Warsaw Pact Invasion of Czechoslovakia - Reactions Around The World

Reactions Around The World

The night of the invasion, Canada, Denmark, France, Paraguay, the United Kingdom and the United States all requested a meeting of the United Nations Security Council. That afternoon, the council met to hear the Czechoslovak Ambassador Jan Muzik denounce the invasion. Soviet Ambassador Jacob Malik insisted the Warsaw Pact actions were "fraternal assistance" against "antisocial forces." The next day, several countries suggested a resolution condemning the intervention and calling for immediate withdrawal. US Ambassador George Ball, suggested that "the kind of fraternal assistance that the Soviet Union is according to Czechoslovakia is exactly the same kind that Cain gave to Abel."

Ball accused Soviet delegates of filibustering to put off the vote until the occupation was complete. Malik continued to speak, ranging in topics from US exploitation of Latin America's raw materials to statistics on Czech commodity trading. Eventually, a vote was taken. Ten members supported the motion; Algeria, India, and Pakistan abstained; the USSR (with veto power) and Hungary opposed it. Canadian delegates immediately introduced another motion asking for a UN representative to travel to Prague and work for the release of the imprisoned Czechoslovak leaders. Malik accused Western countries of hypocrisy, asking "who drowned the fields, villages and cities of Vietnam in blood?" By 26 August, another vote had not taken place, but a new Czechoslovak representative requested the whole issue be removed from the Security Council's agenda.

Although the United States insisted at the UN that Warsaw Pact aggression was unjustifiable, its position was compromised by its own actions. Only three years earlier, US delegates to the UN had insisted that the overthrow of the leftist government of the Dominican Republic, as part of Operation Power Pack, was an issue to be worked out by the Organization of American States (OAS) without UN interference. The OAS accepted adherence to Marxism–Leninism as an armed attack justifying self-defense by the United States. American involvement in the Vietnam War led UN Secretary-General U Thant to draw further comparisons, suggesting that "if Russians were bombing and napalming the villages of Czechoslovakia" he might be more vocal in his denunciation.

In effect, the western countries offered only vocal criticism following the invasion – the reality of the Cold War meant they were in no position to challenge Soviet military force in Central Europe, without risking nuclear war.

In Finland, a neutral country under some Soviet political influence at that time, the occupation caused a major scandal. Like the Italian and French Communist Parties, the Communist Party of Finland denounced the occupation. Nonetheless, Finnish president Urho Kekkonen was the very first Western politician to officially visit Czechoslovakia after August 1968; he received the highest Czechoslovakian honours from the hands of president Ludvík Svoboda, on 4 October 1969.

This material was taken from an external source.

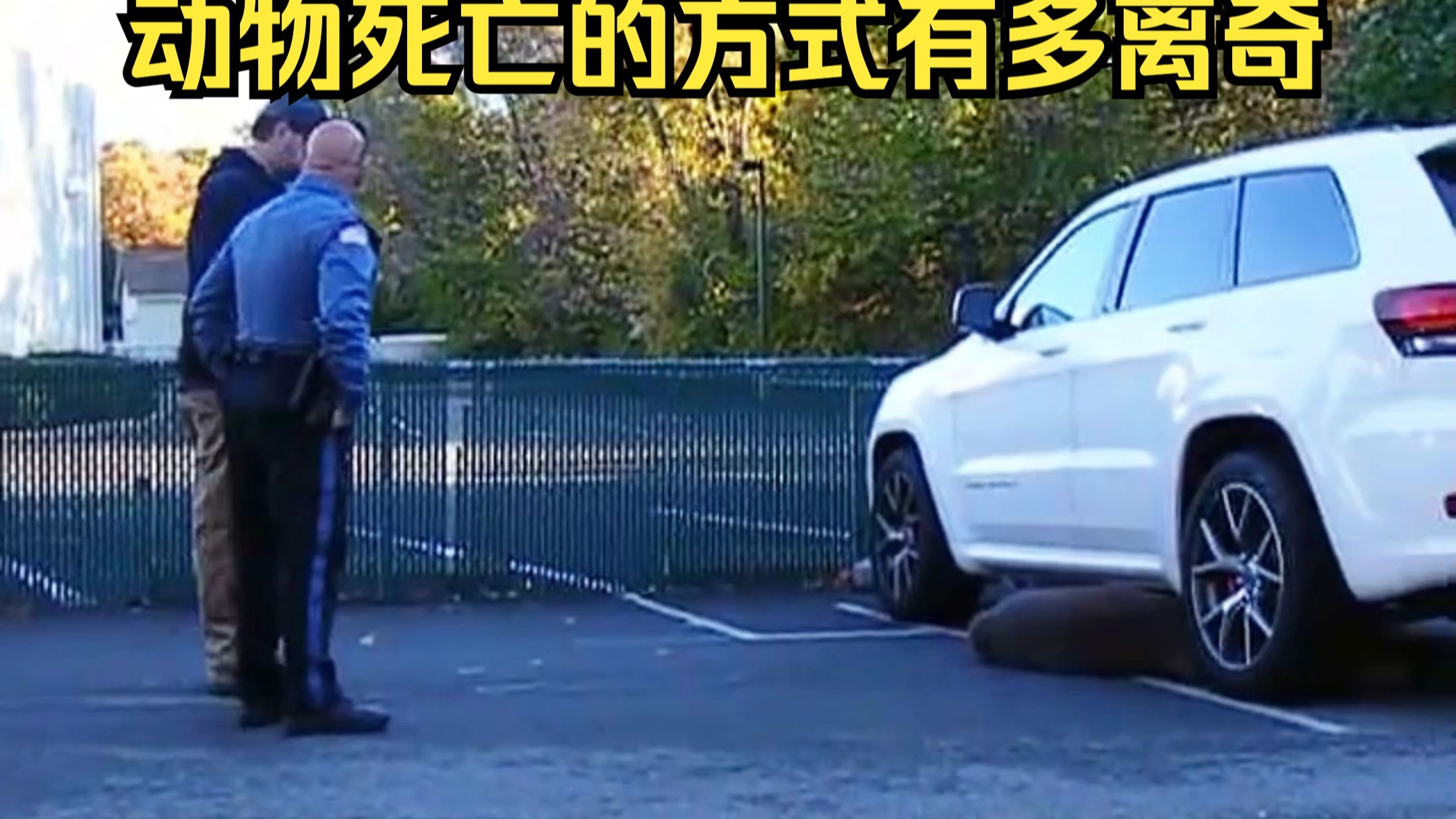 动物离奇死亡鉴定76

The Portuguese communist secretary-general Álvaro Cunhal is believed to have been the only political leader from western Europe to have supported the invasion for being counterrevolutionary, along with the Luxembourgian Communist Party.

The United States government sent Shirley Temple Black, the famous child movie star, who became a diplomat in later life, to Prague in August 1968 to prepare to become the first United States Ambassador to free Czechoslovakia. Two decades later, when Czechoslovakia became independent, Mrs. Black was the first United States ambassador to the country.